CRISM (Compact Reconnaissance Imaging Spectrometer for Mars)
HomeMissionInstrumentsScienceDataEducationNews CenterGallery

Dusting for Fingerprints

CRISM Scanning Surface
CRISM's flexible operation allows it to switch electronically between a high-resolution, targeted, hyperspectral imager and a global multispectral mapper.

CRISM uses the spectrum of reflected sunlight to determine the mineralogy of the surface, a technique called reflectance spectroscopy. CRISM also is an imaging spectrometer, because it acquired data that are built into an image.

Someone with little familiarity with rocks can easily distinguish a piece of basalt (black, hardened volcanic lava) from a limestone (a light-colored sedimentary rock) based on color. However some very different rocks may look alike based on color alone – at least to the the human eye, which detects only three visible-light wavelength ranges (red, green, and blue).
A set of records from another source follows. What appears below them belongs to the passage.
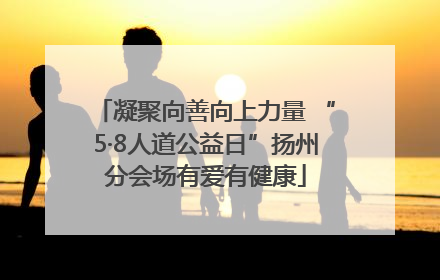 凝聚向善向上力量 “5·8人道公益日”扬州分会场有爱有健康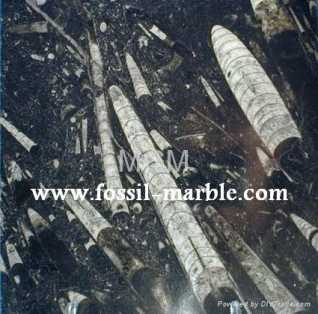 相片: 出售 装饰 SLAB FOSSILS MOROCCO - SLAB FOSSILS ERFOUD RISSANI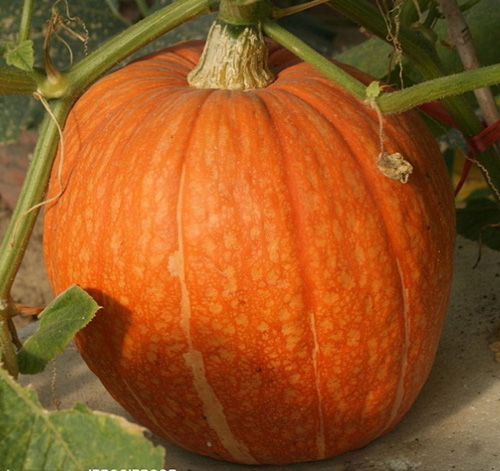 PUMPKIN PK330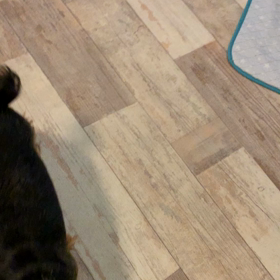 遊んで欲しい………の画像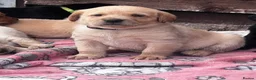 Labrador Retriever dogs for sale: Beautiful Black/yellow/Red Labrador Puppies - Advert 12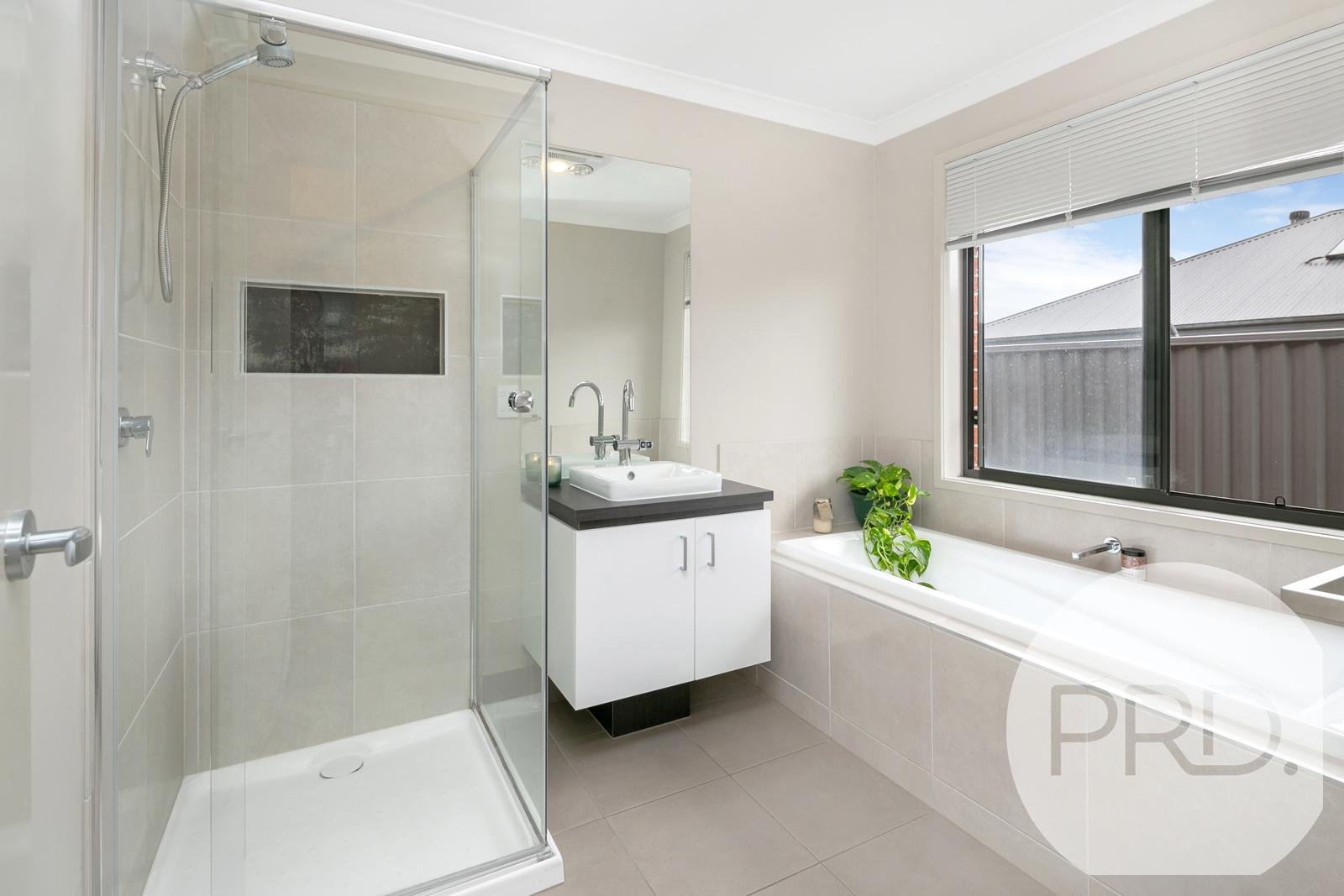 29 Wilmot Street LUCAS 5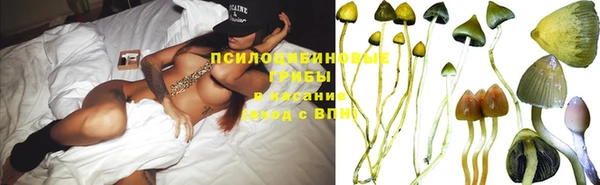молекула духа Армянск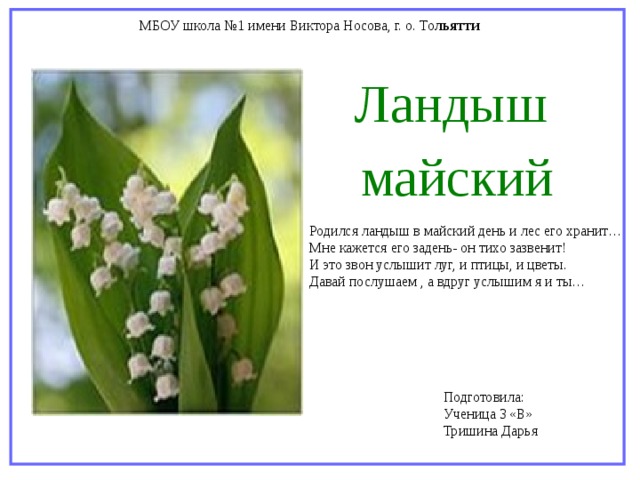 МБОУ школа №1 имени Виктора Носова, г. о. То льятти Ландыш майский Родился ландыш в майский день и лес его хранит… Мне кажется его задень- он тихо зазвенит! И это звон услышит луг, и птицы, и цветы. Давай послушаем , а вдруг услышим я и ты… Подготовила: Ученица 3 «В» Тришина Дарья 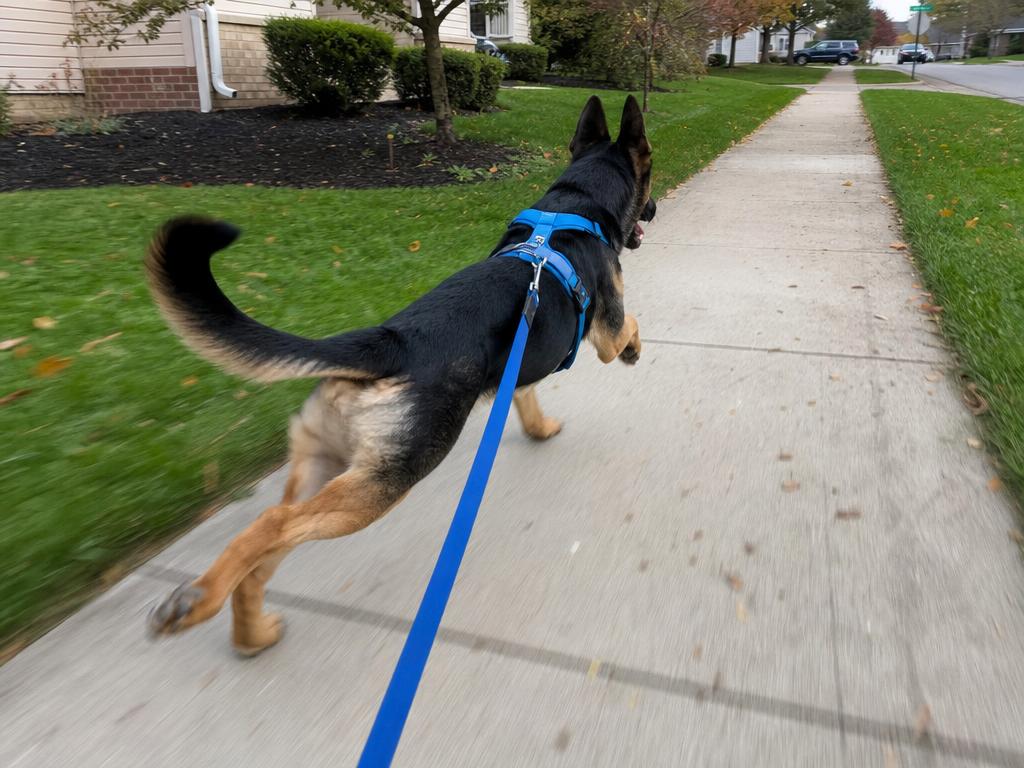 Action photo of a dog in a running harness at full stride on a sidewalk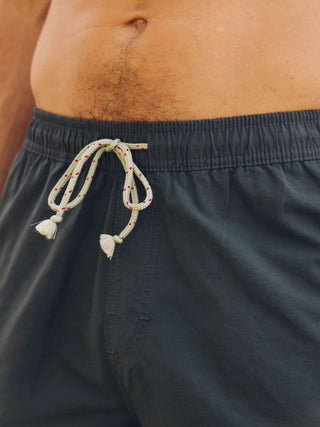 Mollusk Vacation Trunks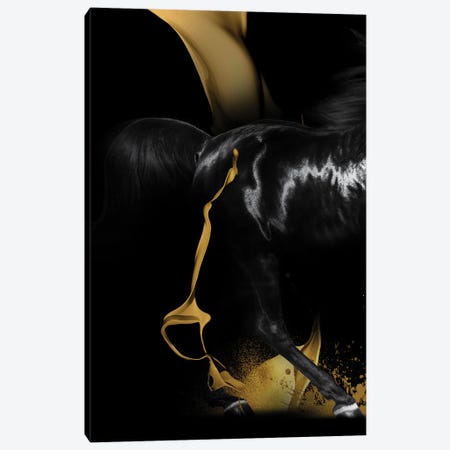 Black And Golden Horse Pair I Canvas Print #VNC346} by Alexandre Venancio Canvas Artwork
For example, slate (a metamorphic rock) is also black and fine-grained like basalt, but is made up of very different minerals.

Reflectance spectroscopy extends mineral discrimination based on color to wavelengths not visible to the naked eye. Most minerals – chemical compounds that make up part or all of a rock – preferentially absorb light at certain wavelengths. Dips in the spectrum of reflected light at those wavelengths, called absorptions, provide "fingerprints" that identify the minerals.


Different martian minerals, some of which indicate ancient liquid water, can be identified by the "fingerprint" of absorptions in their spectrum of reflected sunlight.

On MRO, the Sun provides light that is reflected by the Martian surface back towards space to be detected by CRISM. For every pixel in one of its images, CRISM measures a spectrum of that part of Mars. Matching the absorptions that are observed with known mineral absorptions allows us to make images, and maps, of Mars' mineralogy. For example, the plot at right shows the fraction of light reflected by three common Martian minerals at different wavelengths. Each of the minerals is generally found in a different kind of rock and indicates a different kind of environment. Pyroxene indicates igneous rock, whereas hematite shows where those rocks have been oxidized. Gypsum indicates a past liquid water environment. Each of the three minerals can be identified – and the past environment inferred – from the wavelengths of the absorptions.